## Your goal:
Transcribe exactly the line with "Trapecio Peugeot PARTNER KASTEN 1 6 16V" and each line that follows it in the listing, down to the last, omitting all pictures.
──────── Data section
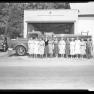 Rocky Ridge VFD 1955-06-05 ELeeB 003A
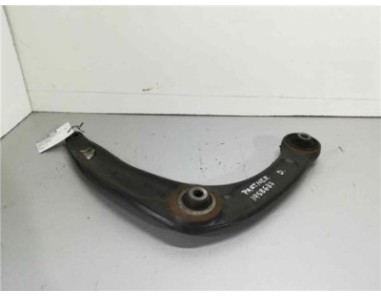 Trapecio Peugeot PARTNER KASTEN 1 6 16V 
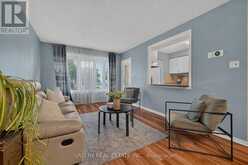 657A JACOB LANE | Waterloo Ontario | Slide Image Eight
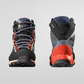 AEQUILIBRIUM HIKE GTX WOMAN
────────────────
## Answer for this exercise:
 Trapecio Peugeot PARTNER KASTEN 1 6 16V 
 657A JACOB LANE | Waterloo Ontario | Slide Image Eight
 AEQUILIBRIUM HIKE GTX WOMAN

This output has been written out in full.